22 lipca na Scenie Malarnia odbędzie się premiera spektaklu Strategia w reżyserii Leszka Bzdyla.
Miejsce akcji:
- Polska. A w tej Polsce – pokoik, pokój. Ten pokój staje się teatrem. I są tam wygodne miejsca dla widzów. I jest tam aparatura teatralna i podłoga do tańczenia… i kilka jeszcze drobiazgów.
Czas akcji:
- Czas jest rozpięty pomiędzy to, co było a to, co jest teraz.
- Czas się miesza, bo nigdy nie chce być linearny.
- Czas się miesza tym bardziej, im więcej wysiłków, by go oswoić.
Akcja:
- Spowodowana jest obserwacją historyczno-socjologiczną.
- Punk postawił irokeza – strategia clowna.
- Człowiek na ulicy wrzeszczy – strategia psa.
- Jaś bawi się w sny i przebudzenia – strategia przetrwania.
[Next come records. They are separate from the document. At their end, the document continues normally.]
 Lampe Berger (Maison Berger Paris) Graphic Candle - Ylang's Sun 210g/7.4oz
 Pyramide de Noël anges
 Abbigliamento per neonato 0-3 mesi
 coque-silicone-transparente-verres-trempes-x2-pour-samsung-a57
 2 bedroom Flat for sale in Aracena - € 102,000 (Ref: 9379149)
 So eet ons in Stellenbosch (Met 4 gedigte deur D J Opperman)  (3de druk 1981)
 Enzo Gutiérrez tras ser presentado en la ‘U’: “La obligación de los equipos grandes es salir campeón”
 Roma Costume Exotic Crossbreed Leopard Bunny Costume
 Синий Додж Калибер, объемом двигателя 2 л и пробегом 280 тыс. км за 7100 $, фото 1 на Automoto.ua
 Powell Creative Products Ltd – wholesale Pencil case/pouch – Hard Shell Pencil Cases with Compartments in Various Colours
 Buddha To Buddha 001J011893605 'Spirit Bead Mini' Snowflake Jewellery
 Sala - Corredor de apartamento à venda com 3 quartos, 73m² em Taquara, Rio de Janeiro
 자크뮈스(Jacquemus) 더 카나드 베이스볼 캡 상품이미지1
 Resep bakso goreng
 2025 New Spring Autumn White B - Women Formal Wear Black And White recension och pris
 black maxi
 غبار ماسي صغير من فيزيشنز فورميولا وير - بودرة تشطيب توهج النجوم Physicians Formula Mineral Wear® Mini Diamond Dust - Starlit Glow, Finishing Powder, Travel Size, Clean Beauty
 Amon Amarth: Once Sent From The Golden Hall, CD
Leszek Bzdyl o spektaklu: „Dawno, dawno temu, to znaczy 11 stycznia 2003 roku po raz pierwszy opowiedziałam tę historię. Powiedzmy, że Strategia była wówczas spektaklem apolitycznym. Powiedzmy, że była ona wyznaniem oportunisty. Powiedzmy, że wystawianie Strategii, do połowy 2005 roku, niosło z sobą urok dojrzałej niedojrzałości. Ta opowieść o Jasiu w błędnym kole doświadczeń, niespodziewanie/spodziewanie w 2005 roku straciła swoją lekkość. W Państwie na Pe, czyli tam, gdzie zagubiony jest bohater Strategii, obudzono się ze snu pod tytułem: Właściwie, to wszystko jest w miarę dobrze, nieprawdaż? Wróciła Historia, a z nią retoryka bieli-czerni. Zaczęto budować barykadę i pozycjonować przeciwników. W 2005 roku postawiono jedno z najokrutniejszych pytań: „Po której stronie barykady jesteś? Czy aby nie tam, gdzie niegdyś stało ZOMO?”. I to pytanie, które zawisło nade mną w Państwie na Pe zmieniło, w moim odczuciu, wymowę spektaklu. Strategia zrymowała się z Polityką. I chcąc być wolnym od Tego Wszystkiego wycofałem, w owym 2005 roku, tytuł z mojego repertuaru. Ale błędne koło, zaklęte koło Historii, znowu utknęło w glinie i nie mogąc się z tej gliny wydobyć żłobi w ziemi coraz głębszą dziurę. Ostatnio stale wracałem do opowieści zapisanej w Strategii. Zastanawiałem się, czy nie zaryzykować, czy nie wznowić tego spektaklu. Mój bohater byłby już pięćdziesięcioletnim mężczyzną, a jego przemieszczanie się z teraz, które jest snem, w przeszłość, która jest przebudzeniem, byłoby jeszcze dotkliwsze. Koniec końców, podejmuję ryzyko ponownego wejścia do tej samej rzeki. Muszę sprawdzić, czy Strategia zarezonuje w kontekście obecnej zawieruchy politycznej. Czy ten one-men-show o próbie przetrwania w ciężkich czasach spotka się z widownią, jak bohater Strategii, zagubioną w Państwie na Pe?”